My own opinion is that separate tracks should exist.

Grading students more harshly without modifying the focus of their studies simply won't produce better people in the field.

1 comments

> Are Computer Science programs supposed to produce software engineers or people grounded in the theory?

I'm a graduate of a program called "Computer Engineering" which infuses a good deal of theory coupled with hardware and programming internals (gates, ALUs, programming language design, theory and implications, etc.)

As a person who absolutely loves coding, I immensely enjoy writing code while being able to visualize/understand how it will execute on the hardware. New CPUs blur the things continuously though.

CE mixes low and high level concepts well. I've never had a hardware class but have a copy of Tanenbaum's hardware book. It gives me hand-wavy notion of how the processor operates. But I'd never apply for a hardware programming job. Eventually I'm going to take a class in computer architecture.

While I used an "or" in my statement the reality is that most CS programs give a smattering of different CS areas including theory, SE, and hardware. SE is often one course in a 4 year program.
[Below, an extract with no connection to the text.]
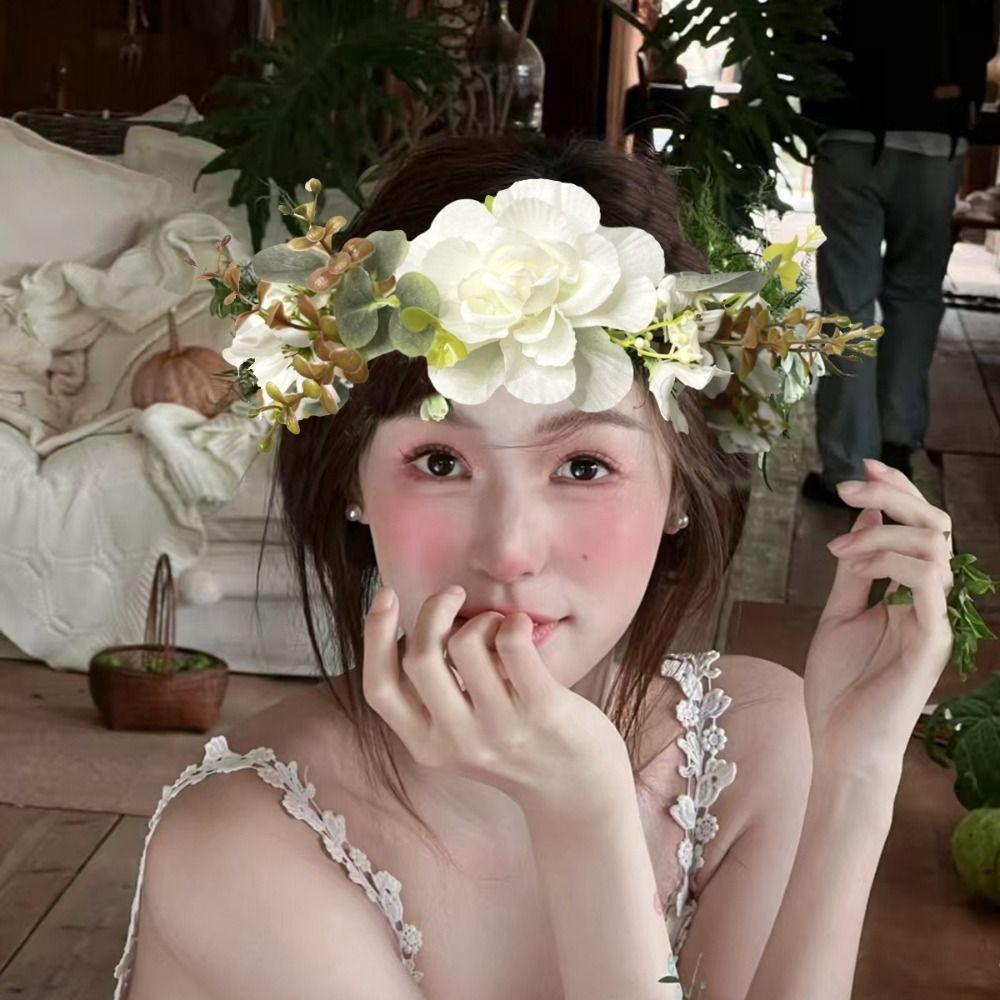Boho Fluffy Flower Headdress Gradient Sweet Flower Crown Artificial Flower Headband Weddings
A developer simply can't develop the skills for SE in one course.

When I was in grad school for CS I had a course with the department chair. I had been in the field for 20+ years at that point. One day she asked me for feedback on how to improve the undergrad program for students who want to go into the field. My response was a separate track that required practical year-long projects requiring SE skills. Each year the project could get progressively more involved. Students in this track would still need courses like data structures, algorithms, and programming language paradigms. But they would apply the knowledge from them to practical projects.